[Web page caption snippets]
##############################

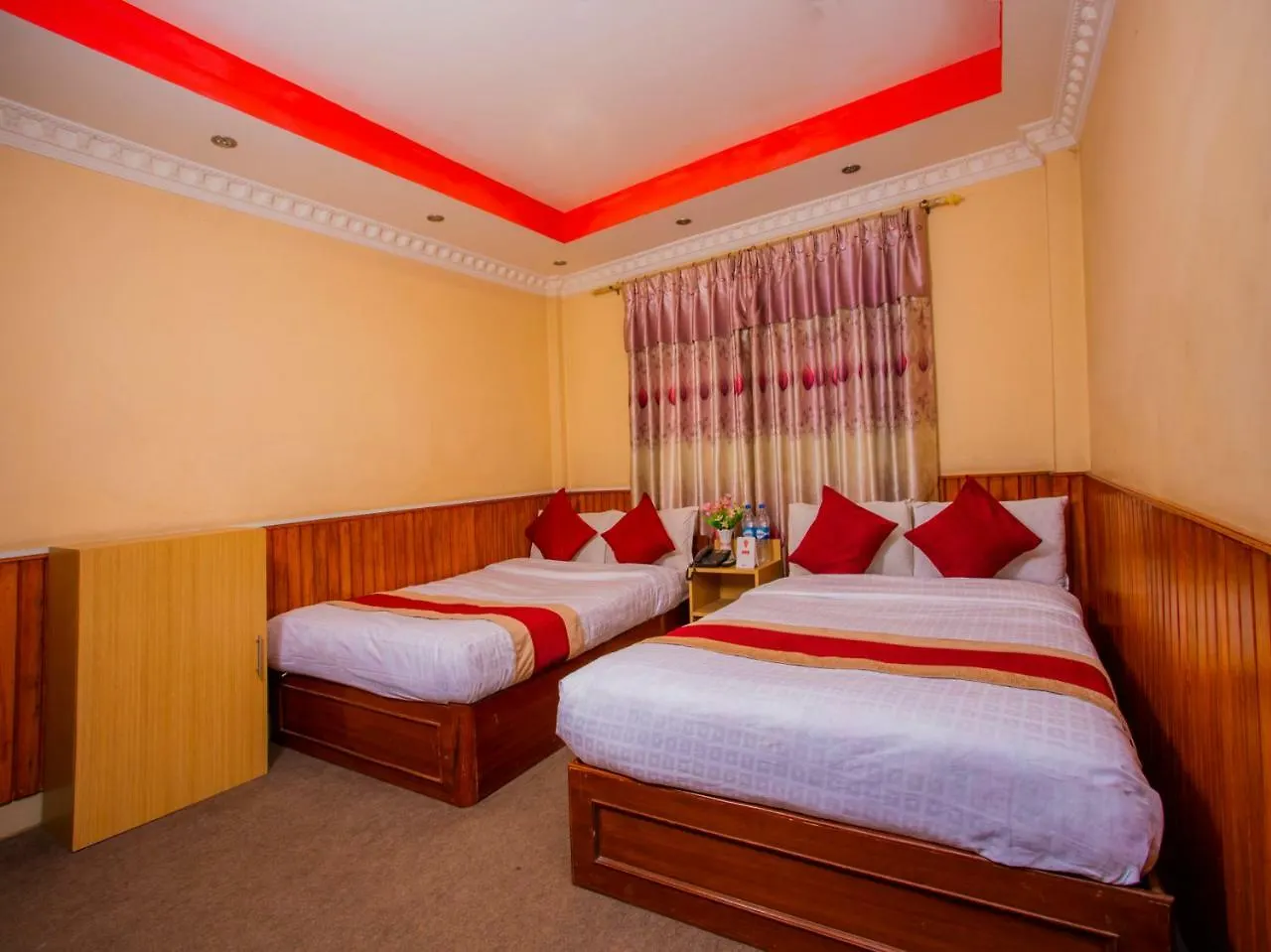 Oyo 305 Hotel Gauri Pashupatinath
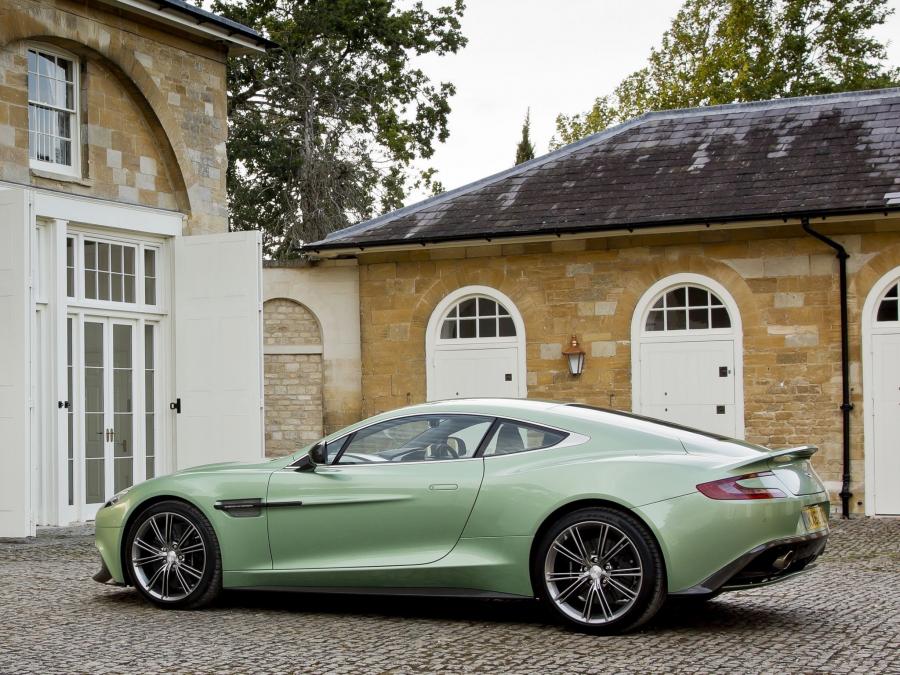  Aston Martin Vanquish 2012 года  (UK) (фото 124 из 170)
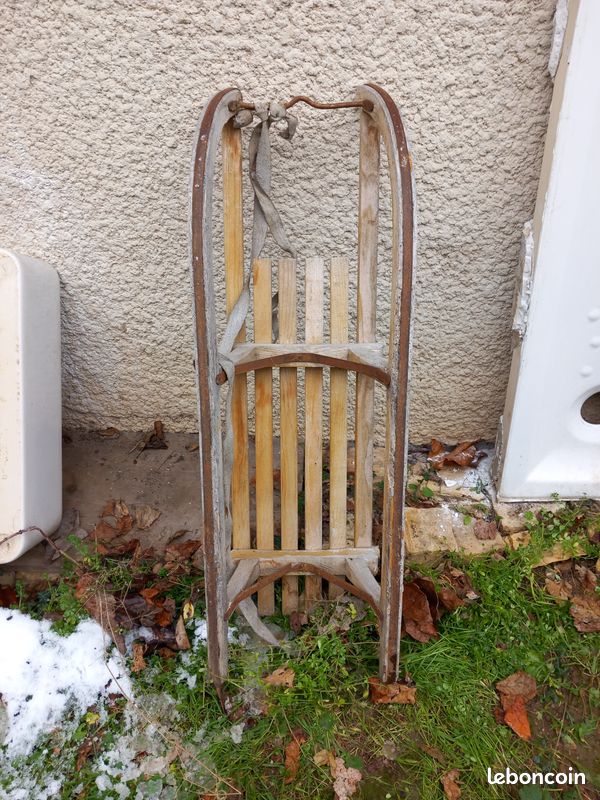 Luge ancienne (image 1)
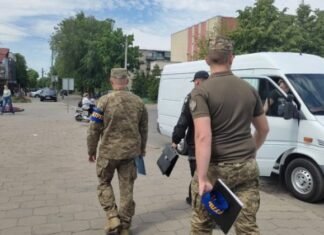 Увидел ТЦК и приставил нож: во Львове мужчина взял в заложницы 13-летнюю девочку (фото)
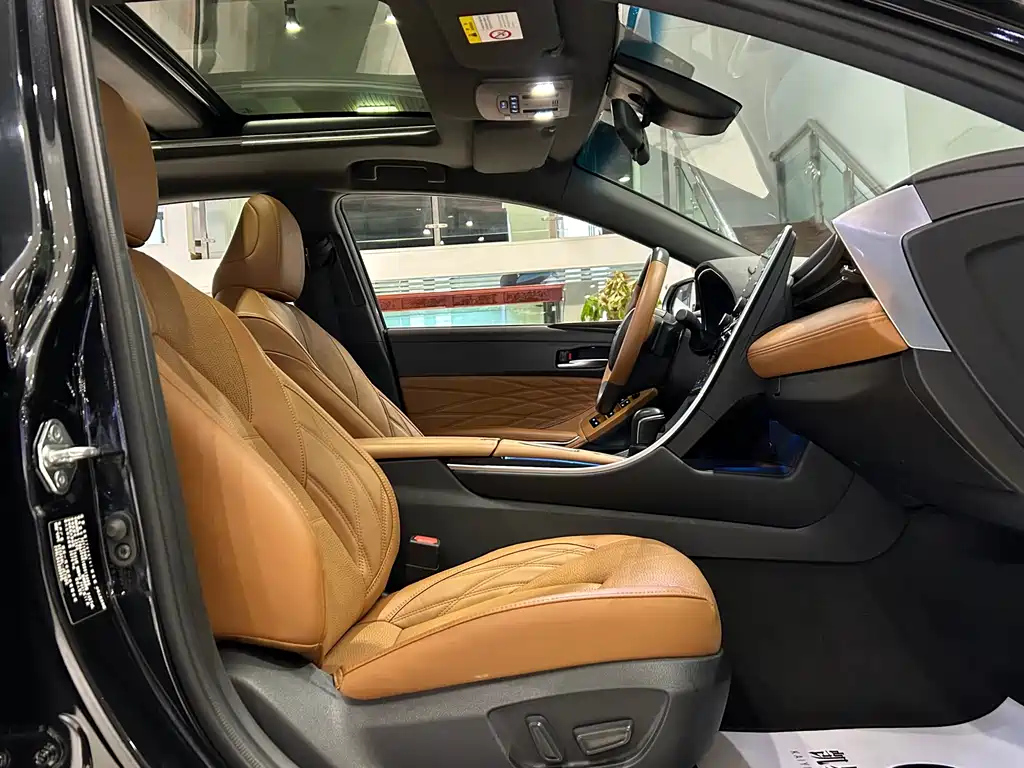 TOYOTA AVALON 2022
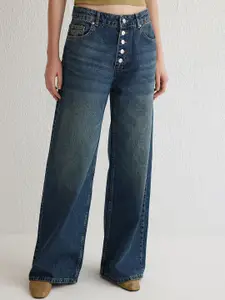 Trendyol Women Pure Cotton Low Distress Heavy Fade Jeans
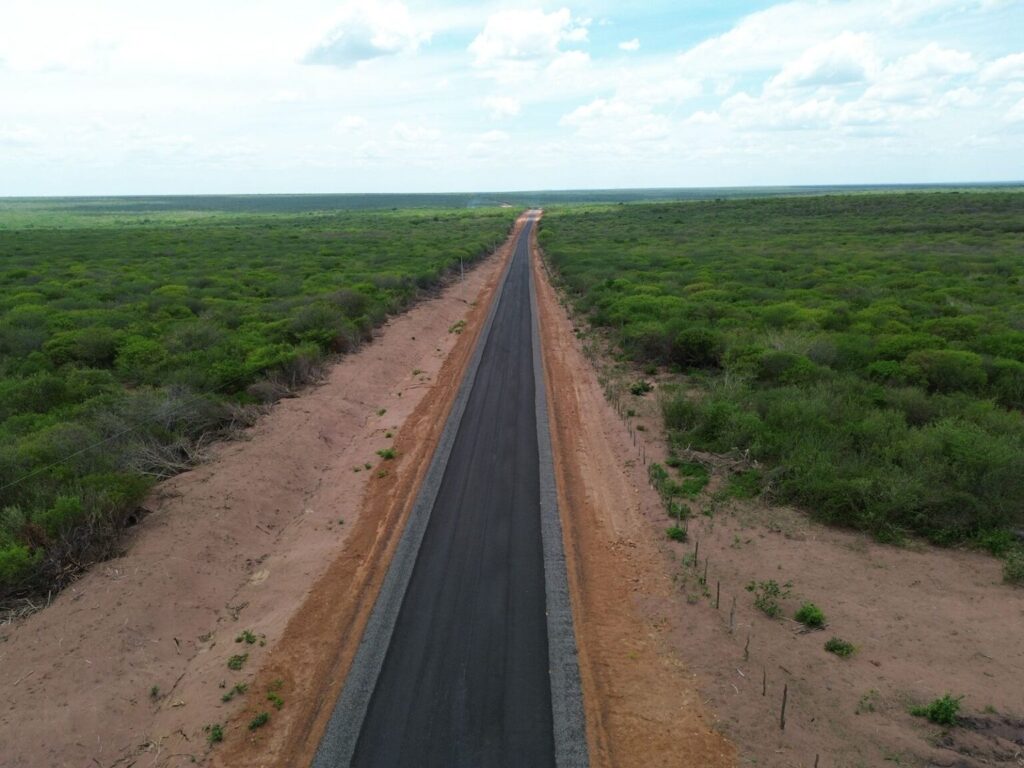 Governo do Piauí investiu mais de R$ 163 milhões em pavimentação asfáltica por meio da Seinfra nos últimos três anos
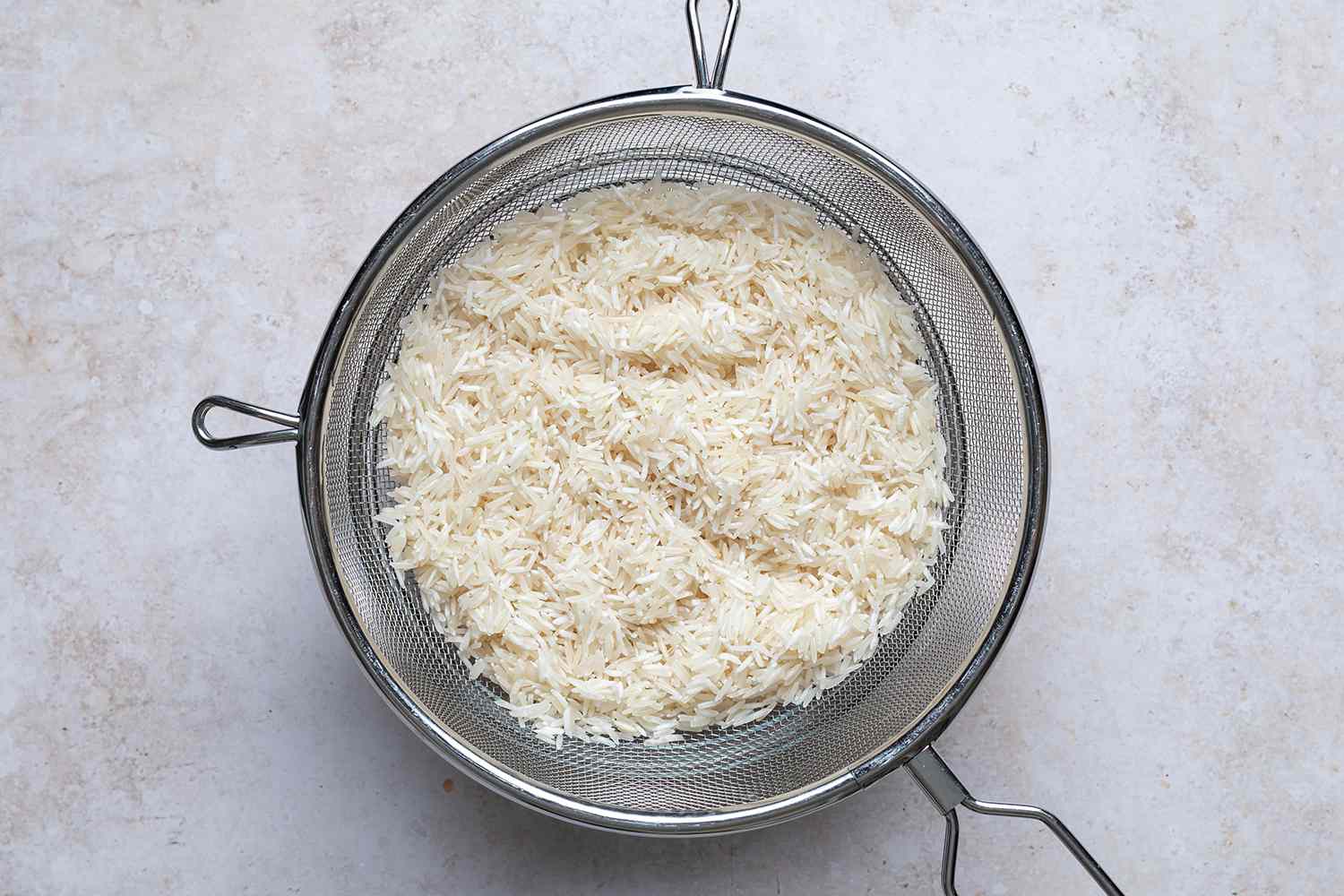 Rice in a mesh colander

##############################

## Required work
Could every line above be set down exactly, with the pictures omitted?

## Response area
 Oyo 305 Hotel Gauri Pashupatinath
  Aston Martin Vanquish 2012 года  (UK) (фото 124 из 170)
 Luge ancienne (image 1)
 Увидел ТЦК и приставил нож: во Львове мужчина взял в заложницы 13-летнюю девочку (фото)
 TOYOTA AVALON 2022
 Trendyol Women Pure Cotton Low Distress Heavy Fade Jeans
 Governo do Piauí investiu mais de R$ 163 milhões em pavimentação asfáltica por meio da Seinfra nos últimos três anos
 Rice in a mesh colander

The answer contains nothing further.